▶ Assigned task
Skip the pictures and repeat each line of the data exactly.

▶ Information shown
◆ ◆ ◆ ◆ ◆

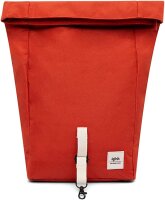 Lefrik Roll Mini Rucksack Rust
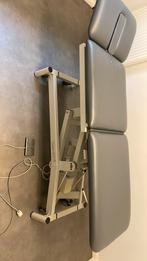Behandeltafel ( hoog- laagtafel), Ophalen, Gebruikt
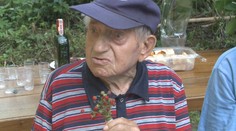 Slovák se ve 103 letech stále věnuje turistice. Prozradil recept na dlouhověkost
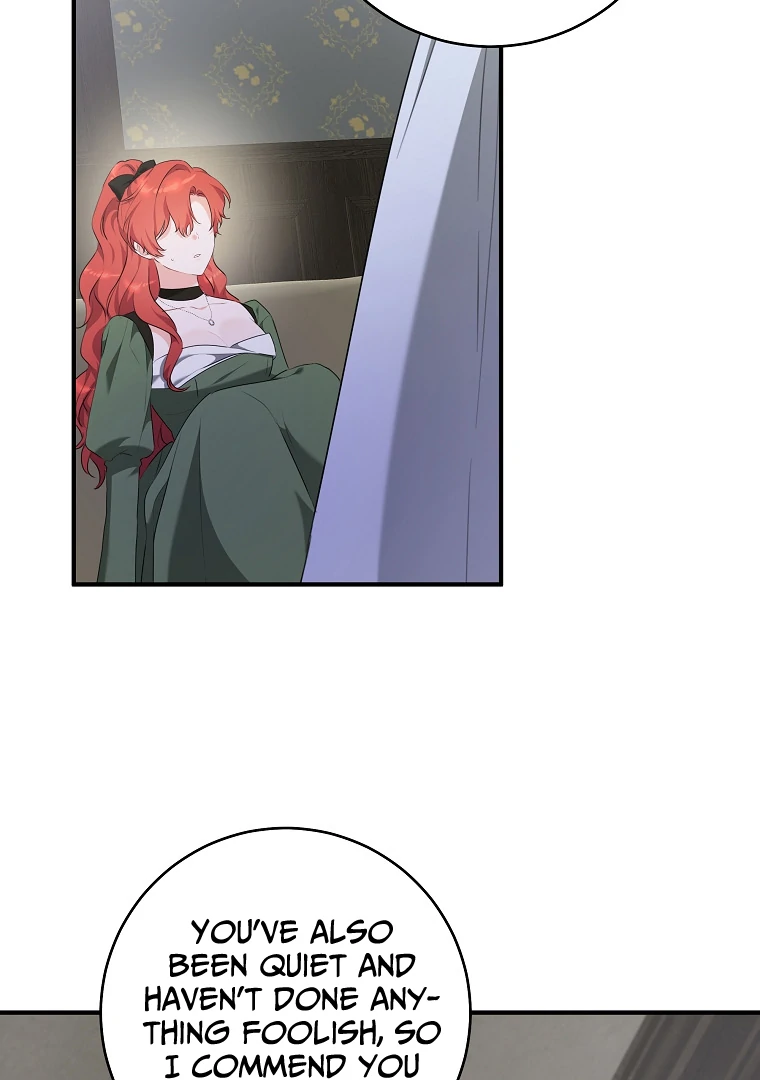 You Just Need To Hold My Hand chapter 68 page 47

◆ ◆ ◆ ◆ ◆

▶ Problem solution
 Lefrik Roll Mini Rucksack Rust
Behandeltafel ( hoog- laagtafel), Ophalen, Gebruikt
 Slovák se ve 103 letech stále věnuje turistice. Prozradil recept na dlouhověkost
 You Just Need To Hold My Hand chapter 68 page 47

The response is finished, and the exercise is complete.